At the time, the highest altitude that one had been flown was around 17,000 feet (5,180 metres). But being an enthusiast (and an optimist!), I reckoned we shouldn’t just aim to break the record by a few feet, I thought we should go as high as it was possible to go, and in my mind that meant flying over the height of Mount Everest. This in turn meant we needed to build a machine capable of flying to over 29,000 feet (8,840 metres).
Most of the people we spoke to about this thought a) we were crazy, and b) it was technically impossible. What those naysayers hadn’t factored in was the power of yes, and specifically the ability to build a team capable of such a mission. This meant harnessing the brilliance of my good friend Gilo Cardozo, a paramotor engineer, a born enthusiast, and a man who loves to break the rules - and to say yes.

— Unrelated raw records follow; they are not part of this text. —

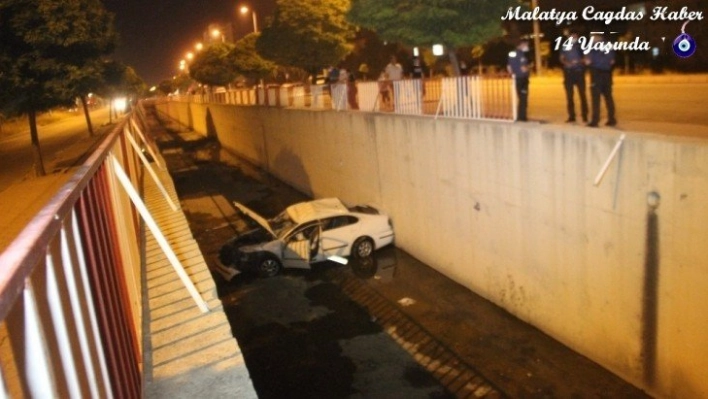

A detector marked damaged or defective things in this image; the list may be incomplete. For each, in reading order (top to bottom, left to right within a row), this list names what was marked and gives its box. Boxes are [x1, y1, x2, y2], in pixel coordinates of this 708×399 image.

crashed white car [217, 198, 392, 278]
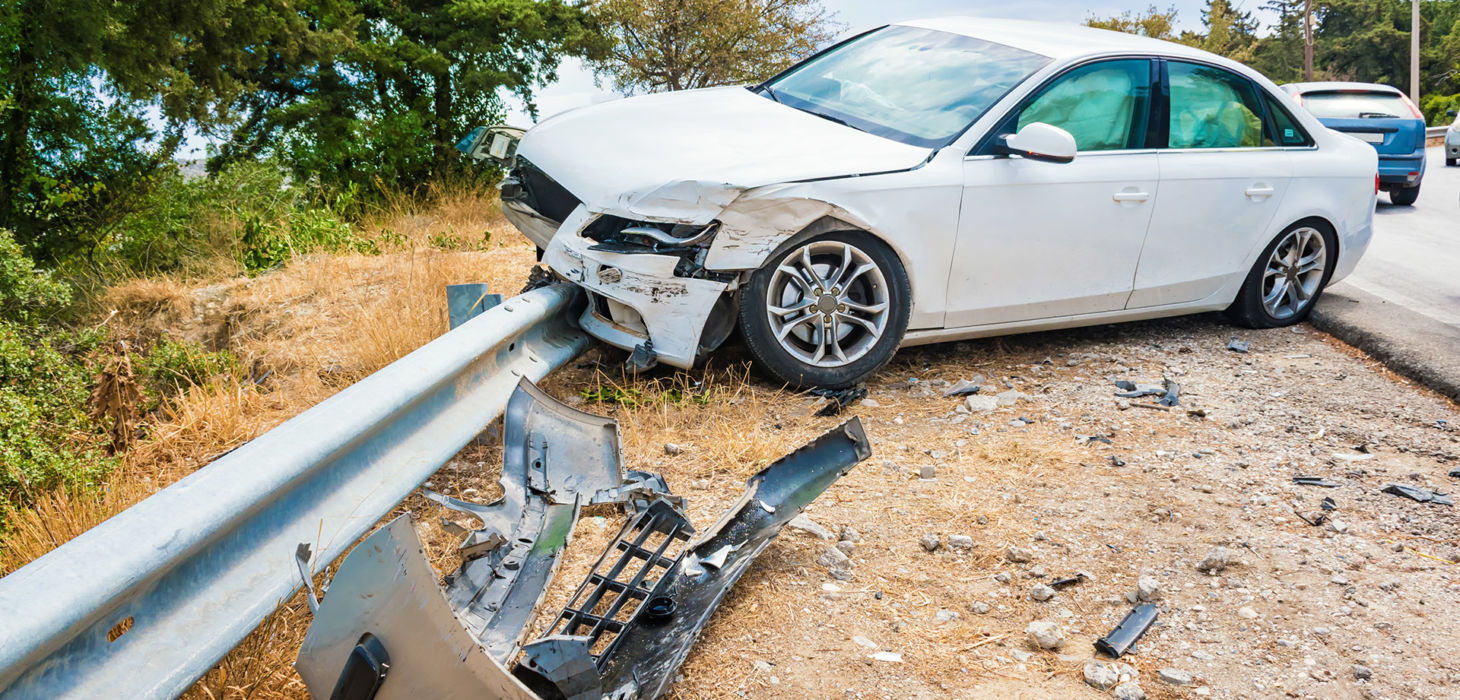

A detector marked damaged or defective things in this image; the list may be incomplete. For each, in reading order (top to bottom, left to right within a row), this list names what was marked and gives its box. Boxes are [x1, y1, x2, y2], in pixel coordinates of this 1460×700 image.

detached grille [516, 159, 576, 223]
crumpled hood [512, 86, 928, 221]
white crashed sedan [474, 16, 1376, 388]
damaged front bumper [540, 209, 728, 370]
broken plastic piece [808, 382, 864, 416]
bent guardrail [1, 284, 592, 696]
damaged front bumper [292, 380, 872, 700]
broken plastic piece [516, 418, 872, 696]
broken plastic piece [1088, 604, 1160, 660]
broken plastic piece [1376, 484, 1448, 506]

Gilo was - and is - an absolute genius aviation engineer who spends all his time in his factory, designing and testing crazy bits of machinery.
When people told us that our oxygen would freeze up in minus 70°, or that at extreme altitudes we would need such a heavy engine to power the machine that it would be impossible to take off, or that even if we managed to do it, we would break our legs landing at such speed, Gilo’s response was: ‘Oh, it’ll be great. Leave it with me.’

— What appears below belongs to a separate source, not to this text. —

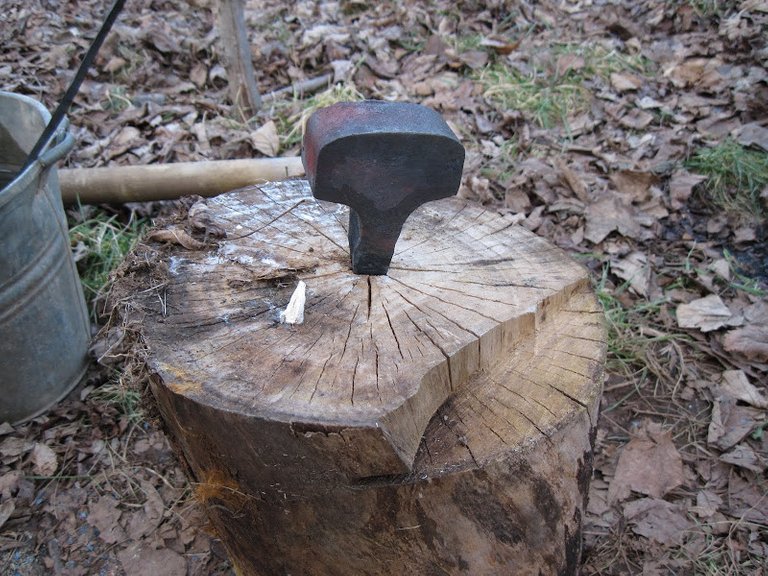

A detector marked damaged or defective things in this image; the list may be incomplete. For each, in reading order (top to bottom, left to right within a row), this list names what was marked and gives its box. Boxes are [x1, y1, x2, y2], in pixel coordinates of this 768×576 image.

rusty sledgehammer head [304, 100, 464, 276]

No matter what the obstacle, no matter what the ‘problem’, Gilo always said, ‘We can do this.’ And after months in his workshop, he did eventually build the machine that took us above the height of Everest. He beat the naysayers, he built the impossible and by the Grace of God we pulled it off - oh, and in the process we raised over $2.5 million for children’s charities around the world.
You see, dreams can come true if you stick to them and think big.
So say yes - you never know where it will lead. And there are few limits to how high you just might soar.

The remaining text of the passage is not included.